SC held that incitement to murder or other violent crimes would generally endanger the security of the state. And is a valid ground for restriction on freedom of speech under Article 19(2).

any challenge to the sovereignty and integrity of the nation is a valid reason to impose restrictions on freedom of speech.

Freedom to Assemble

Article 19(1)(b) secures all citizens of India the right to assemble peacefully and without arms. Article 19(3) empowers the state to impose reasonable restrictions on the right in the interest of the sovereignty and integrity of India or public order.

Freedom of Association

Article 19(1)(c) guarantees all citizens the right to form associations and unions for pursuing lawful purposes. Under Article 19(4) reasonable restrictions can be imposed on this right in the interests of the sovereignty and integrity of India or public order or morality. The right to strike is not an implicit right of this and is subjected to appropriate industrial legislation.

Freedom of movement and Residence

Article 19(1)(d) guarantees all citizens the right to move freely throughout the territory of India. Article 19(1)(e) guarantees all citizens the right to reside and settle in any part of the territory of India. Under Article 19(5) reasonable restrictions can be imposed on these rights by law “in the interests of the general public or for the protection of the interests of any scheduled tribe”. To protect the interests of scheduled tribe and their own distinct culture, language and customs unrestricted entry to their areas are restricted.
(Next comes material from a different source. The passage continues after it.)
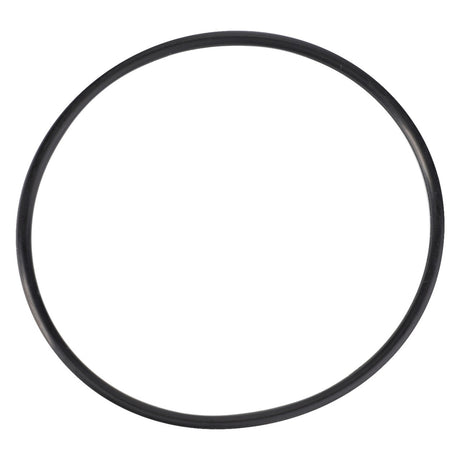 An AGCO | O-Ring - 70924770 isolated on a white background, ideal for high-performance demands in Massey Ferguson models.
Freedom of Profession and Trade

Under Article 19(1)(g) every citizen has the right to practice any profession or to carry on any occupation, trade or business. Also, the state can impose reasonable restrictions on this right “in the interest of the general public.” Under Article 19(6) state has also been empowered to prescribe professional or technical qualifications to carry out certain occupations, trades or businesses.

Protection in Respect of Conviction for Offences

Article 20 safeguards the right of persons accused of crimes. With the 42nd Amendment, article 20 cannot be suspended even during an emergency by an order under Article 359.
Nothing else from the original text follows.